◆ What needs to be done
The lines to repeat are those below from the one containing "Svetlana Bats | Санкт-Петербург" down to the one containing "Anthurium Red Crystallinum x Dorayaki 8", both included; reproduce them exactly and nothing else.

◆ Material for this exercise
──────
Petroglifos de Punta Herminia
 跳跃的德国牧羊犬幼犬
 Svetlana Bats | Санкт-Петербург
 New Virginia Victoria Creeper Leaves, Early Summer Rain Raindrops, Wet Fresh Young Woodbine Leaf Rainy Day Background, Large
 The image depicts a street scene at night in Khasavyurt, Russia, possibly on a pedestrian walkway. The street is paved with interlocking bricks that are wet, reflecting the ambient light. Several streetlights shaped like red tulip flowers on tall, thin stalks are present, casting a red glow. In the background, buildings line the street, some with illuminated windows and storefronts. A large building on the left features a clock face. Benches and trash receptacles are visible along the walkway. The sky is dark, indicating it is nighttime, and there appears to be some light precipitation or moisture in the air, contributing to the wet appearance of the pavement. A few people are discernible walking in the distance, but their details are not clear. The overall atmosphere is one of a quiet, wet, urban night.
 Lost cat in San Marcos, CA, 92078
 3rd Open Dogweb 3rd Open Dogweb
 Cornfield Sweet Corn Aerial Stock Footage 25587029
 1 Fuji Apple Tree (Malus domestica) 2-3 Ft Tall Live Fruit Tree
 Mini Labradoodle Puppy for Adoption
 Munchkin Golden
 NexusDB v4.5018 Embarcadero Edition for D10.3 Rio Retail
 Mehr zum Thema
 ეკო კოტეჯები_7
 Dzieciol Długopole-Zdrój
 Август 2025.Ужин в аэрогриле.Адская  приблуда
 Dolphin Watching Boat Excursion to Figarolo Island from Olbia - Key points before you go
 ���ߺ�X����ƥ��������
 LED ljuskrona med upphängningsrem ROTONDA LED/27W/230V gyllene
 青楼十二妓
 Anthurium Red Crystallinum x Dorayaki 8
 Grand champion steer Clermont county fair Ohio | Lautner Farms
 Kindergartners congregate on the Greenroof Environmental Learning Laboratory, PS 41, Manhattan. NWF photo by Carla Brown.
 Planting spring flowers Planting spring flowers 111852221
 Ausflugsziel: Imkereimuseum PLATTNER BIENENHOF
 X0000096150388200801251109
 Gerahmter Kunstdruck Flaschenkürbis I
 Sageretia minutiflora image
──────
◆ Result for this task
 Svetlana Bats | Санкт-Петербург
 New Virginia Victoria Creeper Leaves, Early Summer Rain Raindrops, Wet Fresh Young Woodbine Leaf Rainy Day Background, Large
 The image depicts a street scene at night in Khasavyurt, Russia, possibly on a pedestrian walkway. The street is paved with interlocking bricks that are wet, reflecting the ambient light. Several streetlights shaped like red tulip flowers on tall, thin stalks are present, casting a red glow. In the background, buildings line the street, some with illuminated windows and storefronts. A large building on the left features a clock face. Benches and trash receptacles are visible along the walkway. The sky is dark, indicating it is nighttime, and there appears to be some light precipitation or moisture in the air, contributing to the wet appearance of the pavement. A few people are discernible walking in the distance, but their details are not clear. The overall atmosphere is one of a quiet, wet, urban night.
 Lost cat in San Marcos, CA, 92078
 3rd Open Dogweb 3rd Open Dogweb
 Cornfield Sweet Corn Aerial Stock Footage 25587029
 1 Fuji Apple Tree (Malus domestica) 2-3 Ft Tall Live Fruit Tree
 Mini Labradoodle Puppy for Adoption
 Munchkin Golden
 NexusDB v4.5018 Embarcadero Edition for D10.3 Rio Retail
 Mehr zum Thema
 ეკო კოტეჯები_7
 Dzieciol Długopole-Zdrój
 Август 2025.Ужин в аэрогриле.Адская  приблуда
 Dolphin Watching Boat Excursion to Figarolo Island from Olbia - Key points before you go
 ���ߺ�X����ƥ��������
 LED ljuskrona med upphängningsrem ROTONDA LED/27W/230V gyllene
 青楼十二妓
 Anthurium Red Crystallinum x Dorayaki 8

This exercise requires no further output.